Abortive Progress launch not to affect ISS operation

MOSCOW, August 24 (Itar-Tass) —— The abortive launch of a Progress transport ship on Wednesday, August 24, will not affect the operation of the International Space Station (ISS) and its crew, the Federal Space Agency (Roscosmos) said.

“The abortive launch of the Soyuz-U carrier rocket and the failure to put the Progress M-12M transport ship to the designated orbit will not influence support the life and work of the crews of the 28/29th expeditions to the ISS,” the agency said.

“Stocks of food, water and life support systems allow the crew to operate for a long time,” it said.

A source in rocket and space industry said earlier in the day that the ISS crew has sufficient supply of oxygen, food and other materials.

It said that “after 350 seconds of the flight a drop in pressure in the fuel tanks was registered, after which contact with the spacecraft was lost.”

Roscosmos also confirmed that the Progress transport ship that blasted off from Baikonur, Kazakhstan, has failed to reach the target orbit.

“According to preliminary information, during the launch of a Soyuz-U carrier rocket with a Progress M-12M transport ship aboard on August 24, the engine malfunctioned in the third stage on the 325th second, which resulted in its emergency deactivation,” Roscosmos said.

“The transport ship Progress M-12M has not been put to the designated orbit,” it said.

The Soyuz-U carrier rocket with the Progress M-12M ship aboard was launched by Roscosmos crews at precisely the scheduled time – 17:00 Moscow time, the Mission Control Centre told Itar-Tass.

The transport ship will deliver more than 2,6 tonnes of supplies, including food, water, fuel, equipment, and presents, to the International Space Station (ISS) in two days.

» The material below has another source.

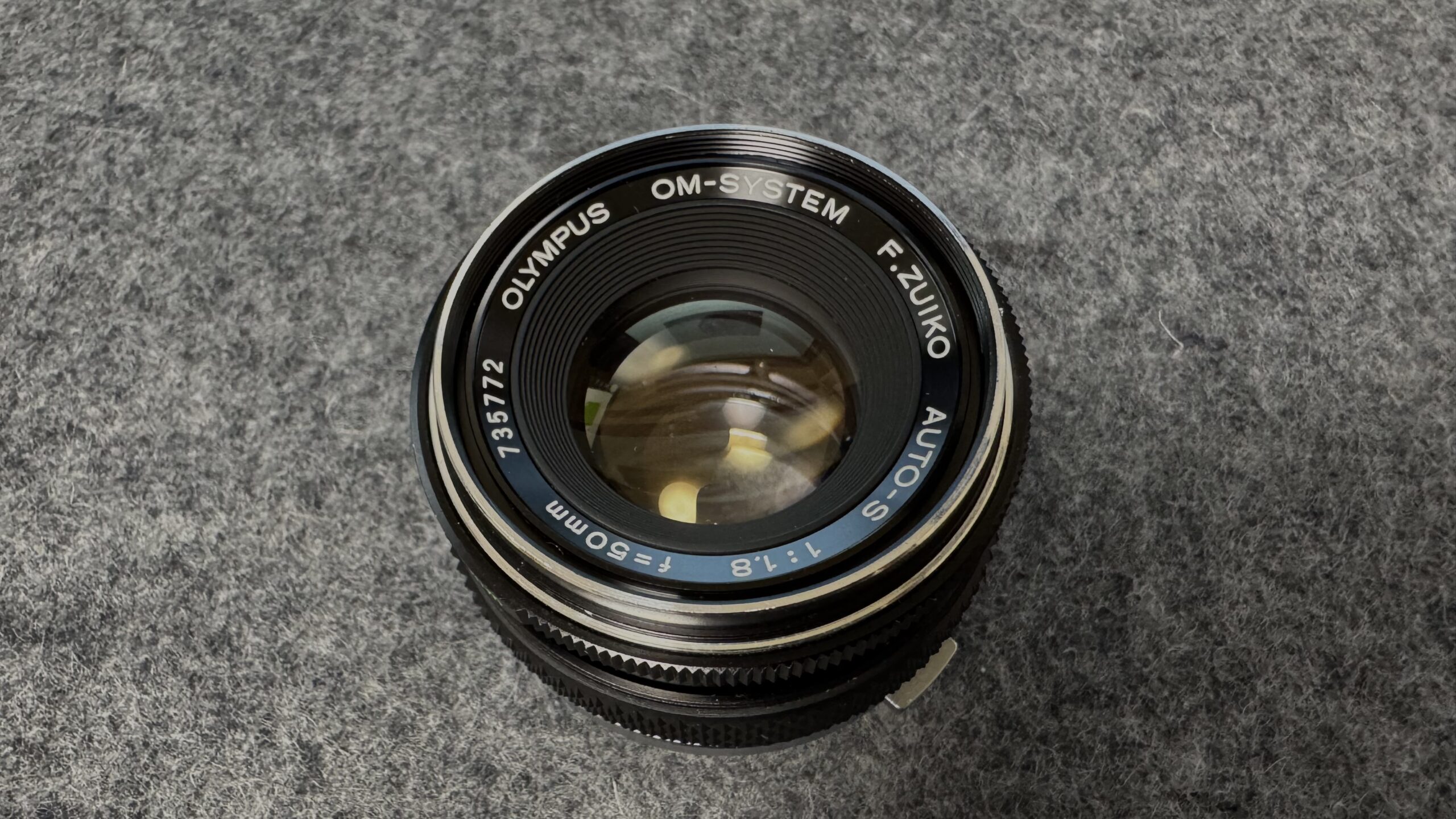 フィルムカメラ OLYMPUS OM-1 F.ZUIKO AUTO-S 1:1.8 f=50mm フィルム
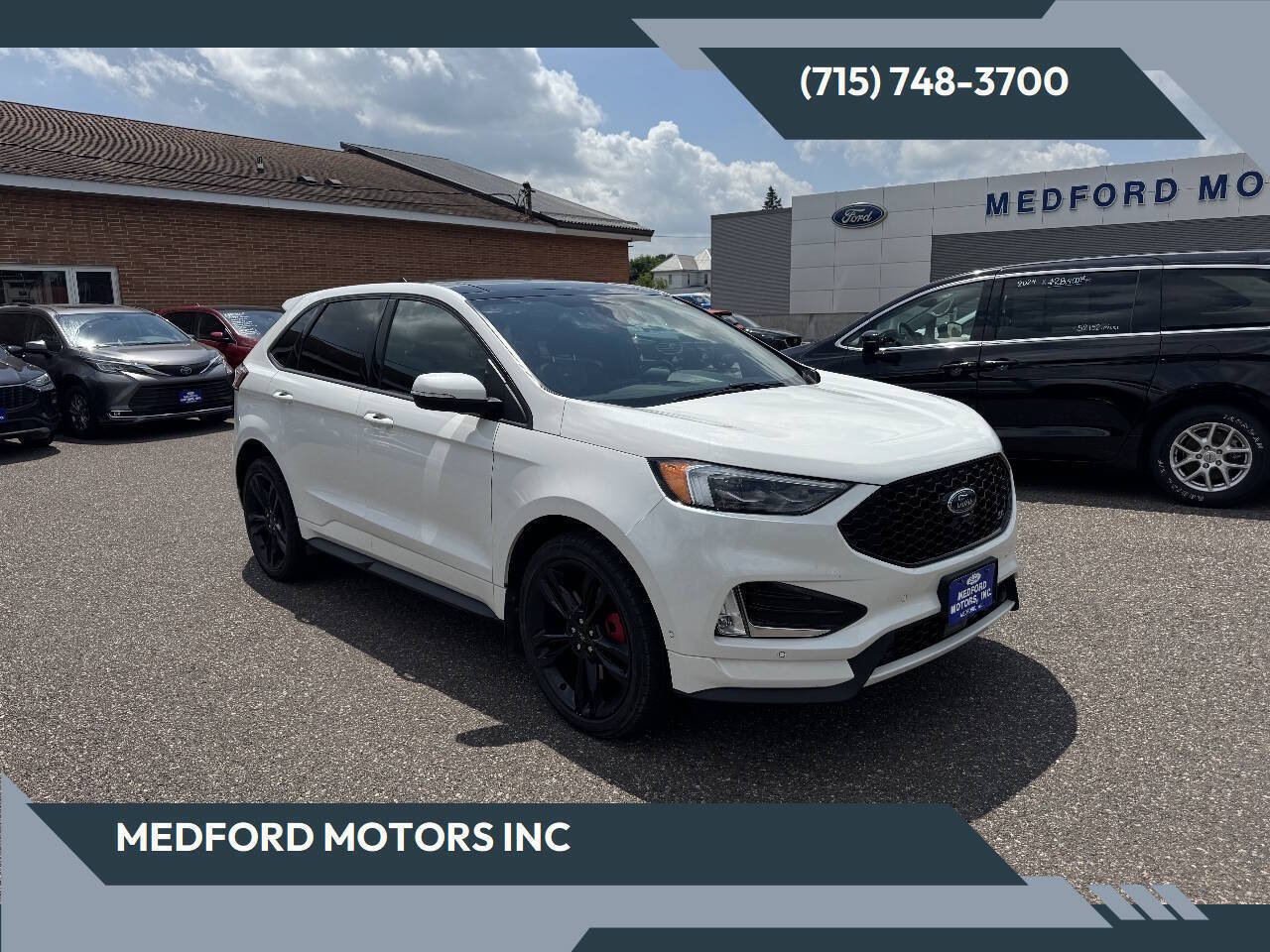 Certified 2022 Ford Edge ST w/ Equipment Group 401A AWD/4WD image 1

It is scheduled to dock with the ISS at 18:38 Moscow time August 26.

Currently, there is a crew of six working aboard the ISS: Andrei Borisenko, Alexander Samokutyayev and Sergei Volkov of Russia, Ronald Garan and Michael Fossum of the NASA, and Satoshi Furukawa of Japan.

This is the fourth transport ship launch this year. The fifth one is scheduled for autumn.

Initially it was planned that after the end of U.S. space shuttle flights, Russia would send 4 manned and 6 transport ships to the ISS annually, but rocket and space industry specialists said the sixth transport ship might be launched to the ISS early next year.

“This year Russian ships, the European ATV, the Japanese HTV and the last shuttles brought all the necessary supplies to the station and there is no need to send one more transport ship at the end of the year,” the Mission Control Centre said.

However no postponement has been officially announced so far.